Veilleur solitaire, je
vis en cage. Avec cet homme à peine perceptible pour vos yeux au début de notre
histoire, mais finalement repéré au panache de fumée exhalé de sa Gitane.
Allongé sur son lit, dans une morne et grisâtre mansarde. Cette pièce est ascétique,
presque carcérale, et dont je suis le seul signe d’humanité (un peu comme les
chats d’un autre lieu et d’un autre homme, le commissaire Matteï). Mon
patron est une personne quasiment invisible, comme son « métier »
exige qu’il le soit. Avec calme et rigueur, il enfile son trench-coat et se
coiffe méticuleusement de son feutre, le lissage des bords dudit chapeau comme
une signature indélébile. Tandis que son regard bleu acier affronte l’image
élégante et glaciale que le miroir renvoie.

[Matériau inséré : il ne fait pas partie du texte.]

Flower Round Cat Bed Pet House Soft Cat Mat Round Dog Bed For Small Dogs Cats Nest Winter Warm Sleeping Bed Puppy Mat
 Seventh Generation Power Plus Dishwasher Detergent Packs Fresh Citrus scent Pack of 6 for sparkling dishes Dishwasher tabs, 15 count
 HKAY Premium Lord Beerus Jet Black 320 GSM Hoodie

L’ambiance requise par M (comme
Maestro), est celle d’un hiératisme silencieux et captivant. Un OVNI du polar
si l’on se réfère aux autres films de la même époque, agités et tonitruants.
Durant quinze minutes, l’homme va et vient, sans jamais s’exprimer, presque
comme une ombre. Du presque jamais vu et encore moins entendu. Ce particularisme
qui sera la griffe de M (comme Majestueux). Jusqu’à l’apothéose des vingt sept
minutes aphones du casse de la place Vendôme dans cet autre fameux
« Cercle Rouge ». Les dialogues sont rares mais ils ont la précision
chirurgicale des actes de mon tueur de patron, et un rythme d’une justesse
implacable : « Je ne parle jamais à un homme qui tient une arme
dans la main. C’est une règle ? Une habitude. » Rien à rajouter.
Les deux fenêtres au
dessus de ma geôle spartiate me laissent entrevoir les rues avoisinantes,
grises et désertes. Loin de la lumière réparatrice du jour. Débouchant de
sombres couloirs de gares désaffectées, j’imagine des passerelles métalliques,
ensoleillées comme des no man’s land où retentiraient les coups de feu d’une
rupture de contrat inopinée. Je troquerais volontiers l’atmosphère glauque
crachée par l’enseigne lumineuse intermittente de l’hôtel miteux d’en face
contre le corridor blanc immaculé menant aux appartements de cet ange noir, la
jolie pianiste croisée par mon maître qui le mènera à sa perte. L’éclat
artificiel et aveuglant des néons des couloirs du métro parisien avec
l’ambiance feutrée des salles de boîtes de jazz scintillantes. Comme dans
« L’armée des ombres », le climat baigne dans des éclairages
alternant clair et obscur. Si bien que l’on hésite toujours un laps de temps
conséquent avant de répondre si ces films sont issus de l’époque couleur ou
noir et blanc. Mon long métrage est auréolé d’une lumière gris-bleu tamisée,
froide comme un changement de plaques minéralogiques dans un lugubre garage de
banlieue à cette heure bien précise, vous savez, celle que l’on baptise
entre-chien-et-loup. Juste avant les ténèbres des rues éteintes. Cette
obscurité propice aux ombres clandestines tueuses de patron de club, la même
noirceur favorable aux adultères éthérés qui se convertissent en alibi béton.
L’homme se sert de mes
pépiements affolés comme d’une alarme face au danger représenté par d’éventuels
visiteurs. Un pacte muet nous scelle. Je m’enorgueillis du titre de seul être
vivant qui parvient à rendre attachant ce personnage de tueur à gages
mystérieux, silencieux, d’une élégance sobre. On raconte qu’une nuit, M (comme
Magnifique) a eu la vision de cet homme allongé sur son lit avec votre
serviteur à ses côtés. Chacun dans une cage à sa mesure. Et qu’en a découlé le
chef d’œuvre dans lequel je figure pour l’éternité. Sachez enfin, que le
tournage se déroula dans les studios Jenner si chers à M (pour Melville), en
1967, des studios ravagés par un incendie et dans lequel je fus la seule
victime. Les décors durent être reconstruits en toute hâte pour finir le film.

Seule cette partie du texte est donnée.